Dataset excerpts:

+++

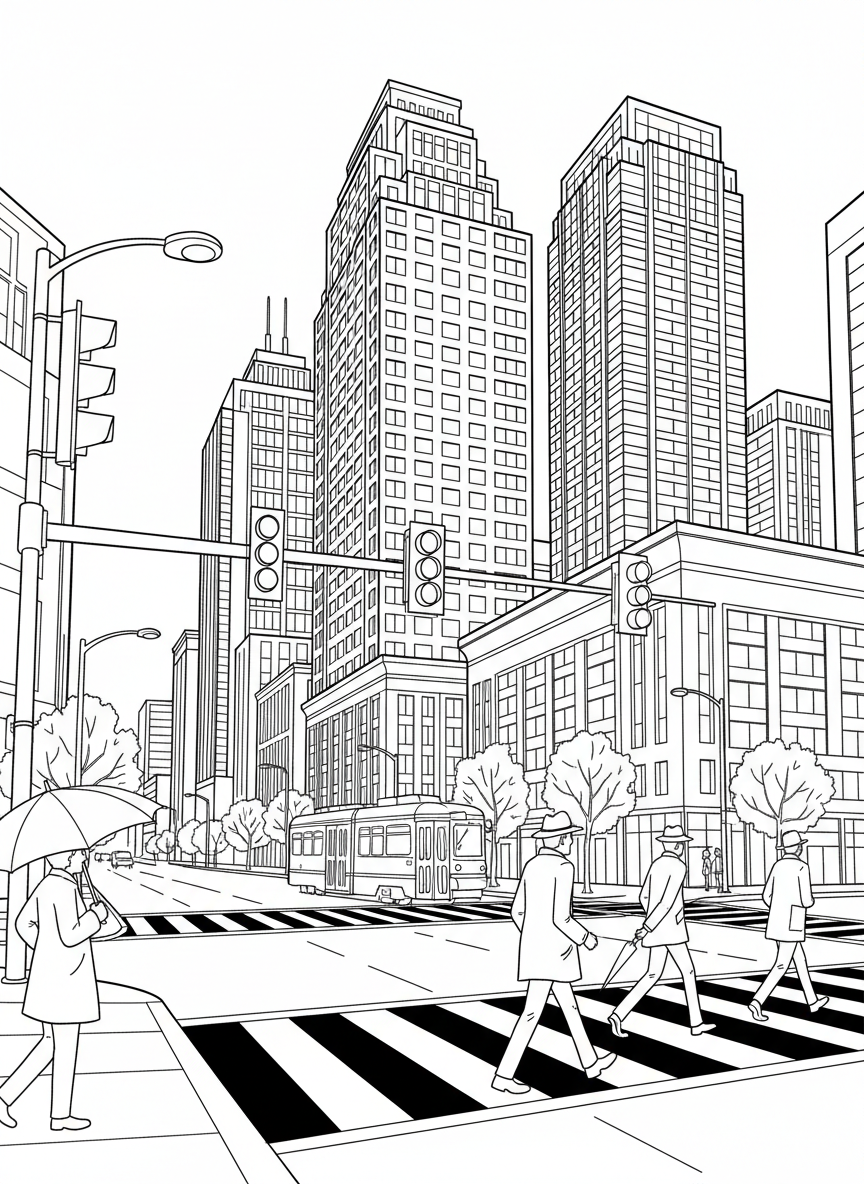 Downtown Charlotte street scene with tall buildings, a crosswalk, traffic lights, and people walking on the sidewalk.
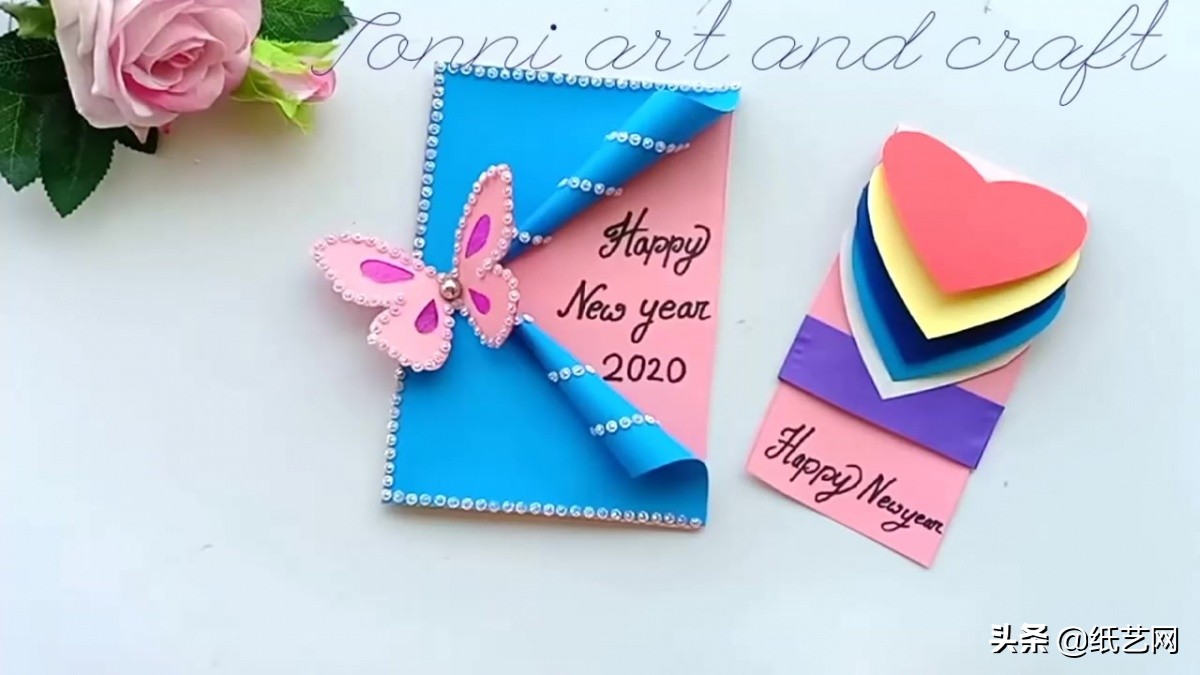 新年贺卡用卡纸还是彩纸,一看就会的超简单手工新年贺卡
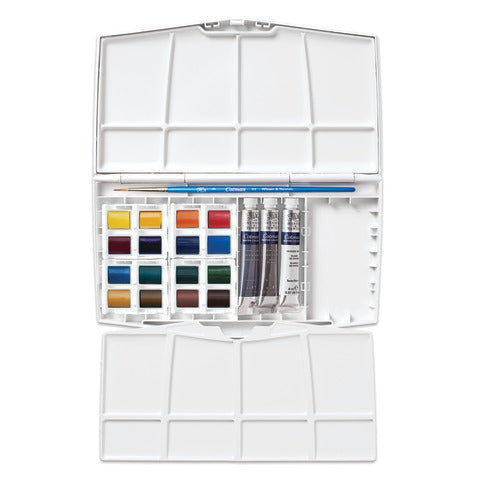winsor-newton-set-acquerelli-winsornewton-cotman-painting-plus-16-mezzi-godet-3-tubetti-tempere-8-ml-colori-assortiti-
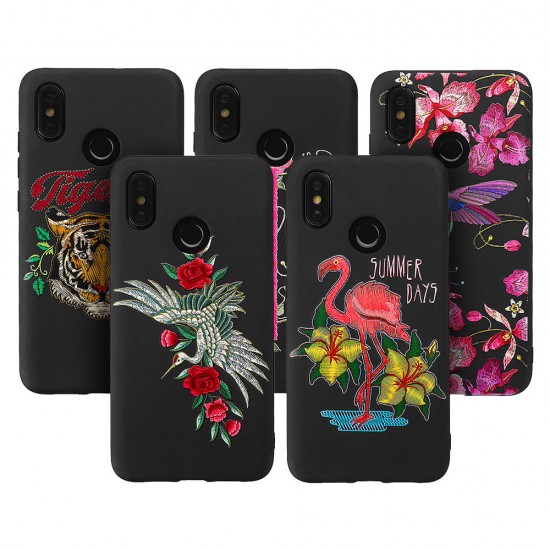 Imitation Embroidery Three-Dimensional Relief Soft TPU Protective Case For Xiaomi Mi8 Mi 8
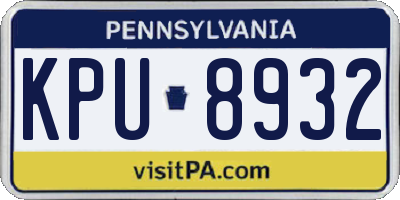 PA license plate KPU8932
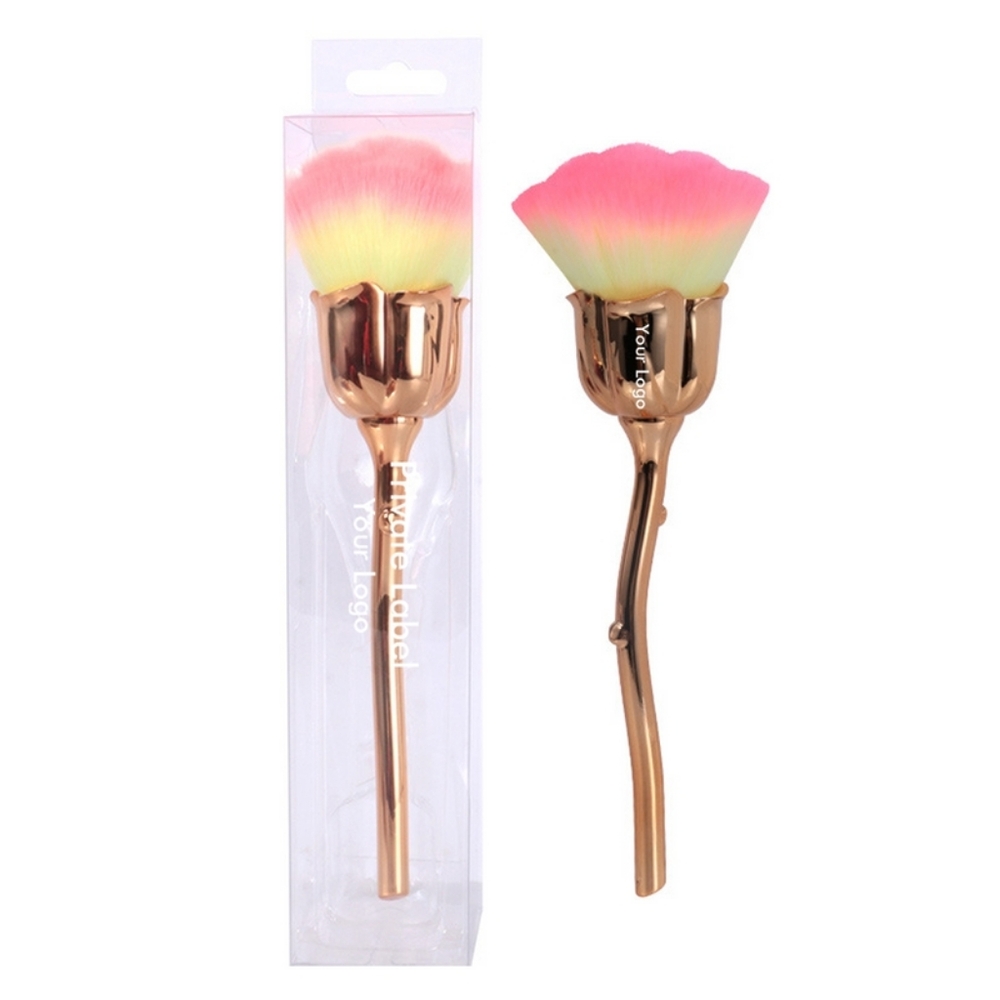 NWT LONG STEM ROSE SYNTHETIC ALL OVER FACE BLUSH BRUSH!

+++

INSTRUCTIONS TO FOLLOW: Beginning with the line that contains "PA license plate KPU8932", print exactly every line through the end of the records, both included. Omit the pictures.

EXERCISE RESULT:
 PA license plate KPU8932
 NWT LONG STEM ROSE SYNTHETIC ALL OVER FACE BLUSH BRUSH!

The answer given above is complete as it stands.